DIRECTIONS: The required output is the stretch from the line containing "Hi Bold Bakers!" through the line containing "Hey, this is" in the records below, unaltered and with no pictures.

DATA PROVIDED:
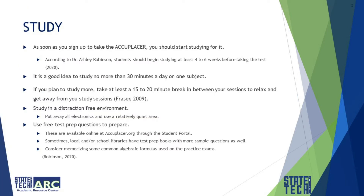As soon as you sign up to take the Accuplacer, you should start studying for it. According to Dr. Ashley Robinson, students should begin studying at least four to six weeks before taking the test. This is an ideal situation; however, if you only have a week or two, then you should use that time to study.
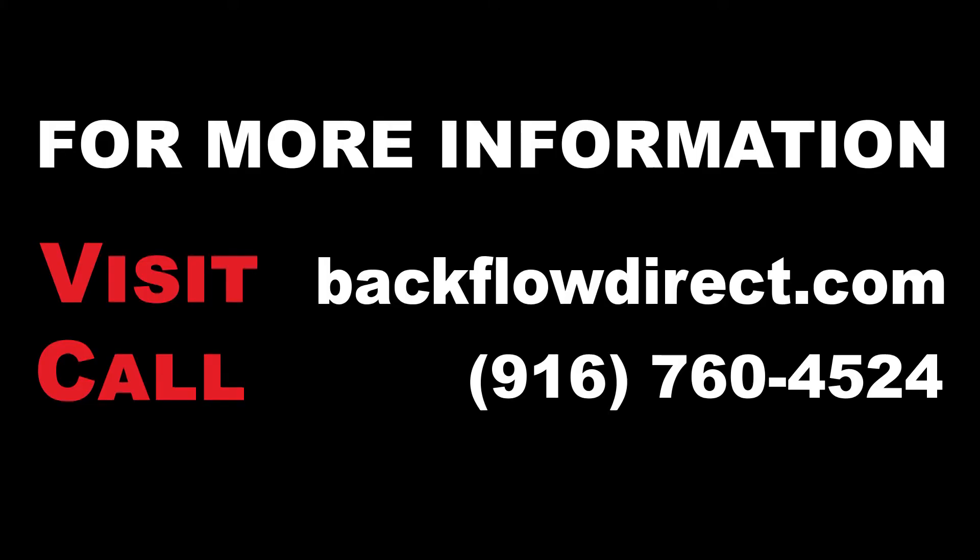For more information about the Derringer product line, further technical support, or to download a copy of these instructions, please visit our website at BackflowDirect.com.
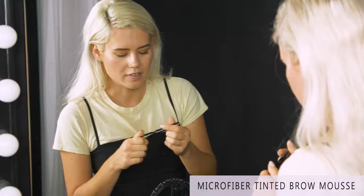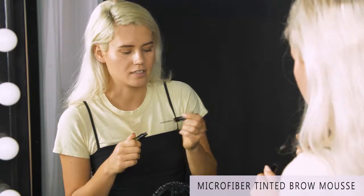When I'm in a hurry and I want a little more of a natural look, I like to use the hint of tint to get a feathery tinted brow just like this. It's the perfect tinted gel that I can just run through my brows when I'm in a hurry. I'm all set to go.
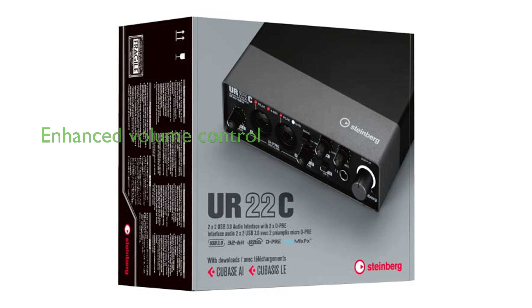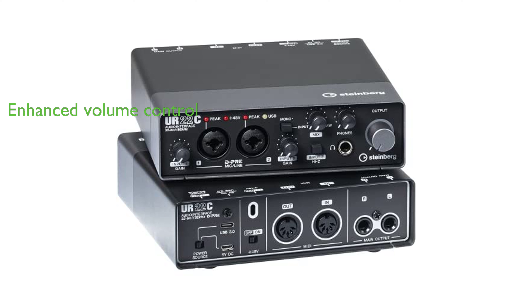The interface features an improved headphone amplifier output and a large volume knob, making it easy to adjust the volume even in dark spaces. The calm finish of dark gray and black gives the UR22C audio interface a professional look that complements any studio setup.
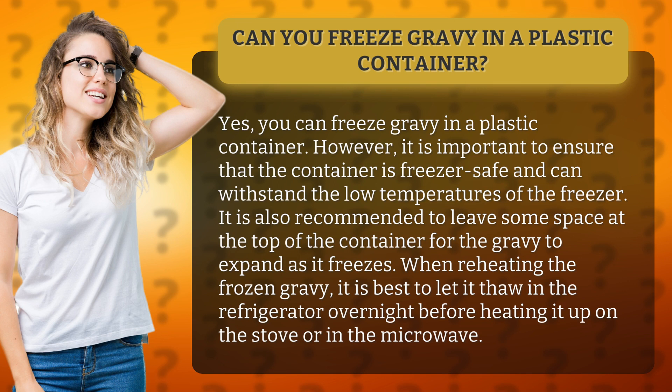When reheating the frozen gravy, it is best to let it thaw in the refrigerator overnight before heating it up on the stove or in the microwave.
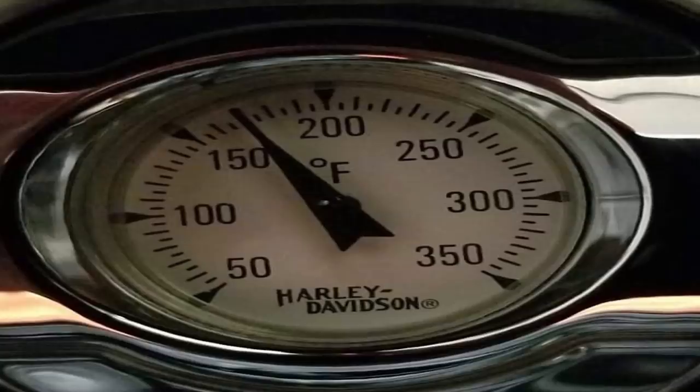Oil temperature on your Harley-Davidson is absolutely critical, and it really doesn't matter if the bike is stock or heavily modified. Now naturally, if it's heavily modified — cams, high compression, ported heads, big bore kits — this is when controlling the oil temperature becomes even more critical.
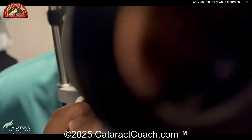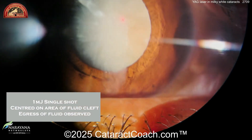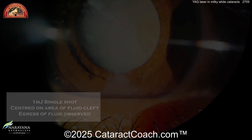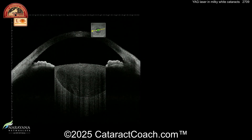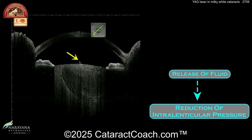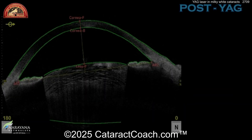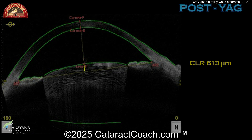Let's review the YAG again. You focus at one millijoule — just one shot — right in the center of the anterior lens capsule. Pre-op the CLR is 1263 microns. After the shot, you can see the fluid starts to leak out, you reduce that intralenticular pressure very easily, the anterior chamber deepens, and the CLR is now half of what it was: 630 microns. Amazing.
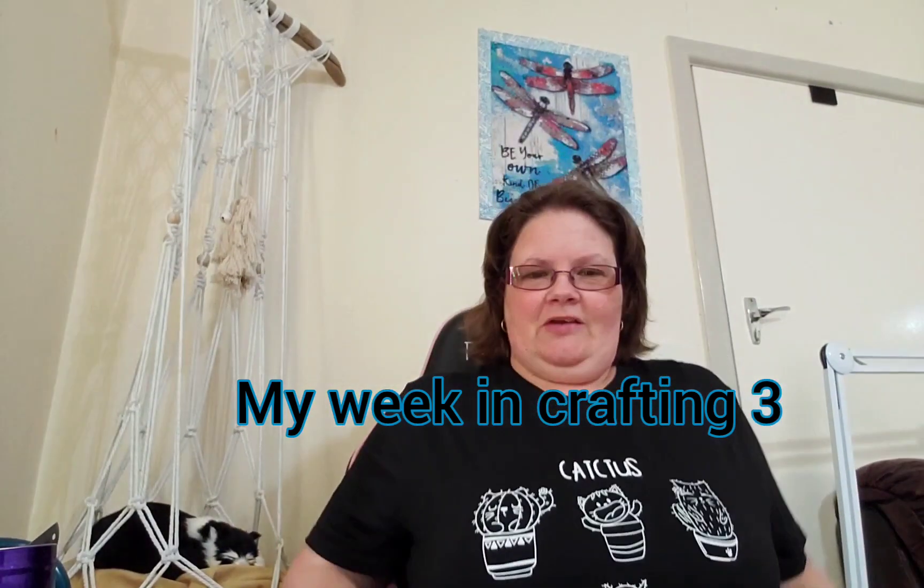Hey everyone, welcome to my channel, this is Marianne. I'd like to welcome all my new subscribers - I've had another big jump in subscribers, so welcome and thank you for subscribing. It's awesome to have you here. Today I'm just doing week three of my crafty week in review - I've got a mixed bag of crafts, so let's just see what I've been up to.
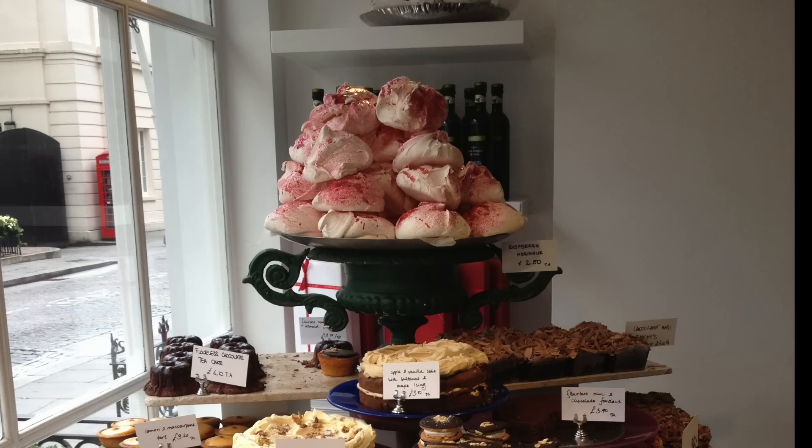Hi Bold Bakers! I love all the comments that you've been leaving under my videos. I've been getting a lot of questions about how to work with meringue correctly. So this week's Big and Bold recipe is for Raspberry Pistachio Meringues and I'm going to answer all of your questions. So let's get baking.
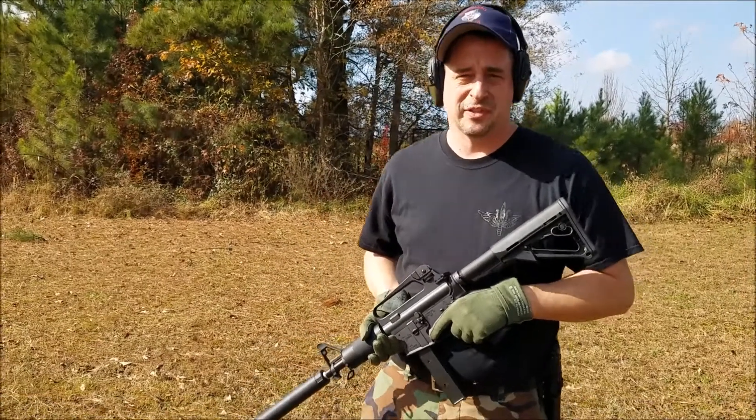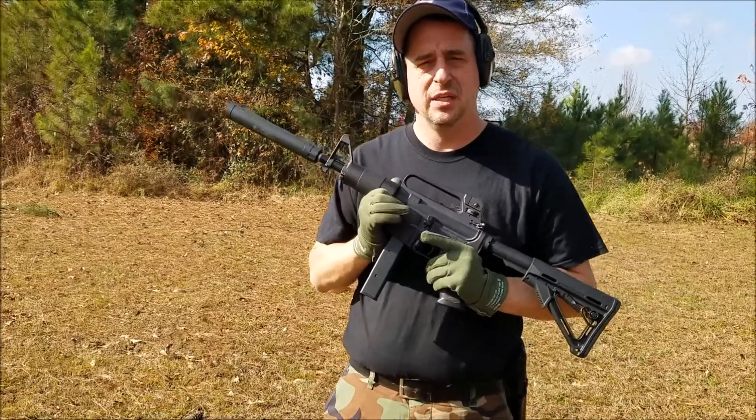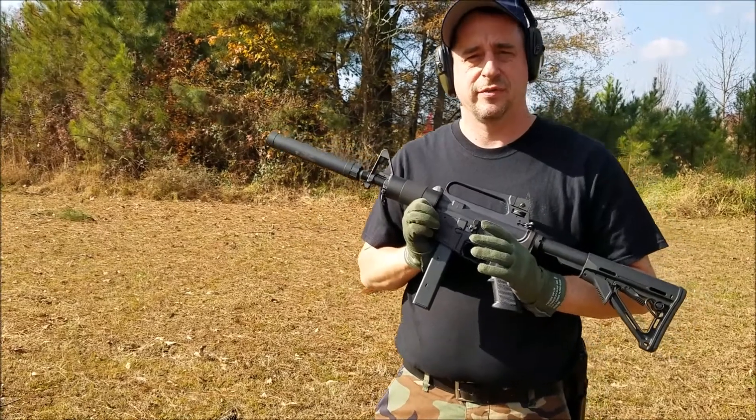Hey, this is Charles from Quiet Professional Firearms. Today we're shooting one of our house machine guns. This is a CMMG MK9, a post sample converted to fully automatic.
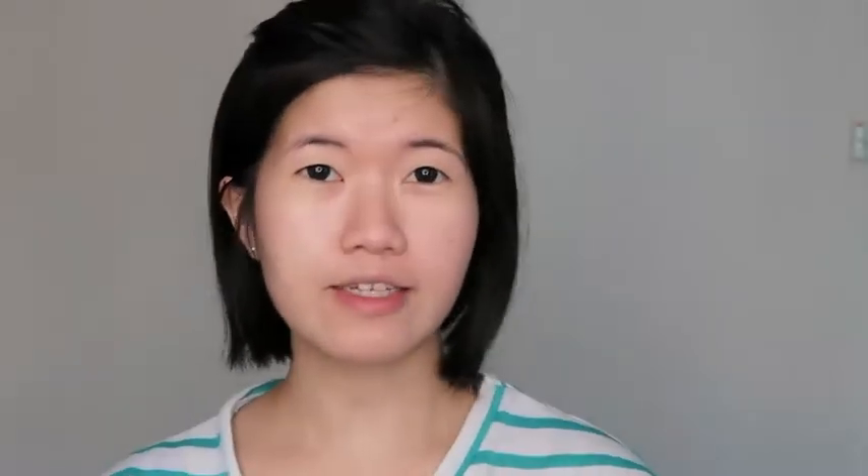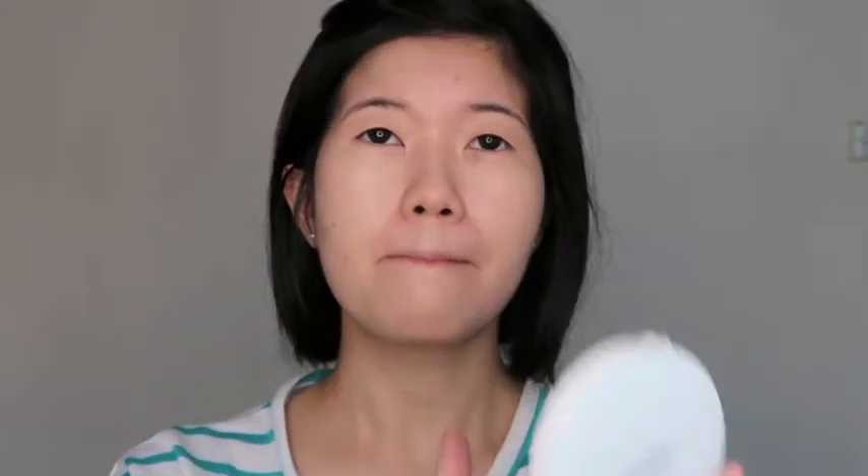Next is the Mamonde Brightening Cover Watery Cushion. This is a new cushion that they have recently launched. Have you heard that they will be having their very first boutique at Takashimaya? They also have a powder version which is more matte and dries down to a powder finish, but I prefer this watery cushion because it looks a little more natural. Coverage is pretty light — typical for a cushion — so you will still need a concealer to cover up blemishes.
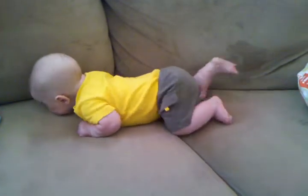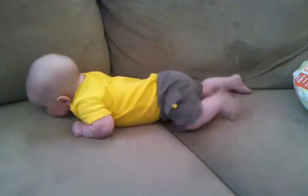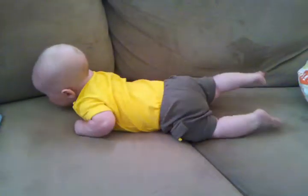Super Poligrip Free creates a seal of the dentures in my mouth. Even well-fitting dentures let in food particles. Super Poligrip is zinc-free. With just a few strips, it's clinically proven to seal out more food particles so you're more comfortable and confident while you eat.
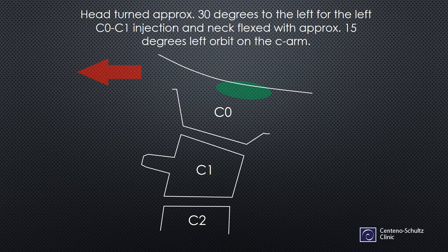The head is turned approximately 30 degrees to the left for the left C0C1 injection — an ipsilateral turn. The neck is flexed with approximately 15 degrees left orbit on the C-arm. That's a pretty routine setup. The difference is where you're going.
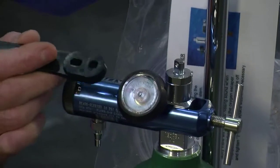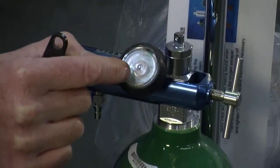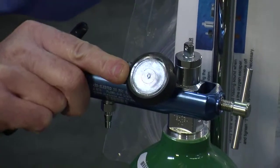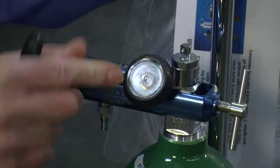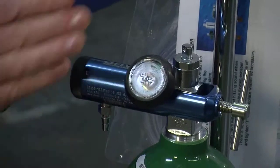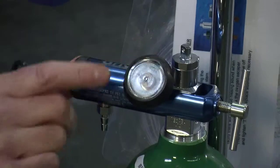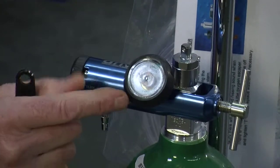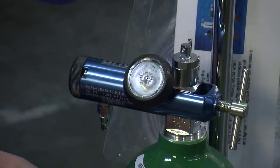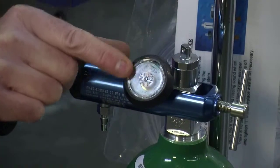Next we have the oxygen regulator which includes a contents gauge showing you basically the cylinder's content. Once you turn it on, it's a gauge that goes from 0 to 2,000 PSI. 2,000 PSI is considered full. As it's being used it's going to be going down towards zero.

RESPONSE TO THIS EXERCISE:
Hi Bold Bakers! I love all the comments that you've been leaving under my videos. I've been getting a lot of questions about how to work with meringue correctly. So this week's Big and Bold recipe is for Raspberry Pistachio Meringues and I'm going to answer all of your questions. So let's get baking.
Hey, this is Charles from Quiet Professional Firearms. Today we're shooting one of our house machine guns. This is a CMMG MK9, a post sample converted to fully automatic.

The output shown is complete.